MECS Blog

Train up a child...

Train up a child...

Thursday, 19 June 2014  | Sue - MS Coordinator
I should begin by stating that the following story is a work of fiction. The events detailed in no way represent anyone living or dead and certainly bear no resemblance to my own children who are both perfectly behaved and have immaculately tidy bedrooms (cough, cough).

A mother gazes lovingly into the angelic face of her sleeping baby. As his lips pucker and cheeks scrunch up to his eyes she ponders the journey so far. Her little one has grown and changed so much in only a couple of months. She imagines the future that lies ahead and begins to dream of the toddler, boy, teen and young man he will become…


Fast forward...

Frantically pushing the shopping trolley up and down the supermarket aisles, the mother begs and pleads for her two year old to stop screaming while she locates all the ingredients needed for tonight’s dinner. “I know I am missing something” she mumbles to herself, “but I can’t think what it is”…

Fast forward...

The artwork shows an intricate weaving of bright colours that are a field of flowers. The boy stands up extra tall as the magnets click into place, clamping the masterpiece to the refrigerator gallery. The mother gently places her arm around his waist, pulls him close and whispers, “It’s beautiful”…

Fast forward...

The ‘floordrobe’ now extends beyond the door and into the hallway. The collection of miscellaneous shoes intermingled with both clean and dirty clothes peaks somewhere within the depths of the room. As nobody has emerged from the den and the terrain changes as often as the sand reshapes the Sahara, nobody is quite sure exactly where the peak is. Even the most far-reaching historical records make no mention of the floor’s existence but the legends declare it is a tangle of odd socks…
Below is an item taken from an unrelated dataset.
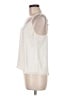 Evereve 100% Polyester Ivory Sleeveless Blouse Size M - photo 5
Being prepared for every phase of parenting can be quite a daunting task. Each stage has its own joys and challenges and each child their own unique personality. A ‘one size fits all’ approach can be somewhat limiting; techniques that work brilliantly for one child do not necessarily succeed with another. Some teens appear to glide through adolescence without experiencing any significant difficulties whereas others may endure more ups and downs than a roller coaster.
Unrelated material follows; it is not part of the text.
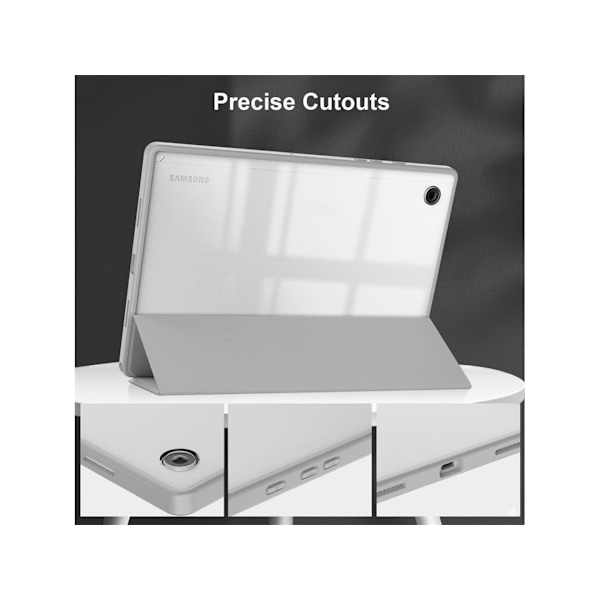 Etui til Samsung Galaxy Tab S8 Plus/s7 Fe/s7 Plus 12.4 (Grå)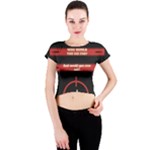 Twenty One Pilots Album Lyrics Crew Neck Crop Top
There are numerous ways to engage with adolescents that recognise the unique time of life they are in. As new neuron pathways form, the adolescent brain frequently ‘misfires’ causing behaviour that, while appearing to be irrational, is  considered normal for an adolescent  - increased conflict with parents, mood volatility, increased negative moods, increased risk taking behaviour, recklessness and sensation seeking.

The physical changes an adolescent has to deal with are as numerous as those of a toddler, except adolescents have the added burden of being socially aware. The various aspects of development do not always happen at the same time so the physical, cognitive and psychological development of a teen may not be equally matched. A student may look like an adult physically but still may be exhibiting behaviours of a child. The desire to fit in with their peers when there is such diversity within each of these areas of development may cause feelings of insecurity and self-doubt. Teens want to be unique, while not being different, and may try on different personalities as they seek to discover their own identity and cope with the differences they perceive between themself and their peers.
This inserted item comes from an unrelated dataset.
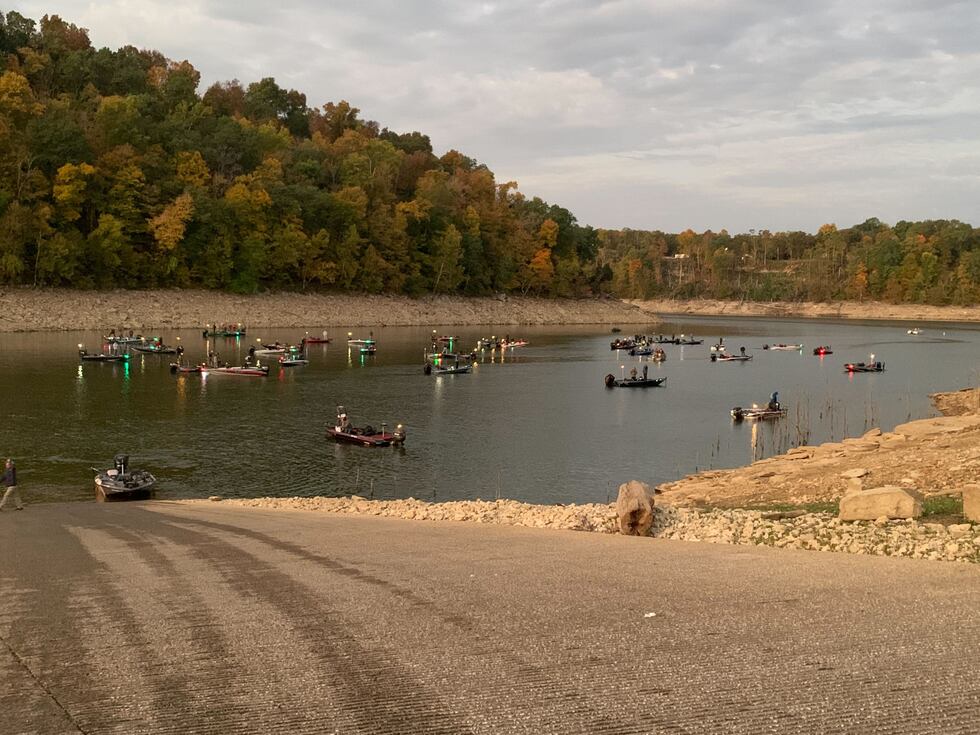 Fishing for Eastern Kentucky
The challenges experienced during this stage of life are significant and even the best of adolescents will make mistakes and fail. They don’t have the years of life experience available to adults to draw on when dealing with these challenges. Allowing them to experience the consequences of failure can turn these challenges into valuable learning opportunities.
Recognising the extra difficulties adolescents face doesn’t excuse inappropriate behaviour, but makes it understandable. Finding the balance between maintaining age- appropriate boundaries and encouraging independence can be extremely difficult. Giving adolescents the freedom to explore their gifts and interests within appropriate boundaries can encourage growth. It is essential for adults to discuss these boundaries with teens and to discipline consistently in order to reinforce them.

Adolescents need people who will take the time to listen to them and seek to understand how they feel. They will frequently need a significant adult other than a parent to help them navigate the adolescent minefield; often uncles, aunts, youth leaders and teachers fill this role.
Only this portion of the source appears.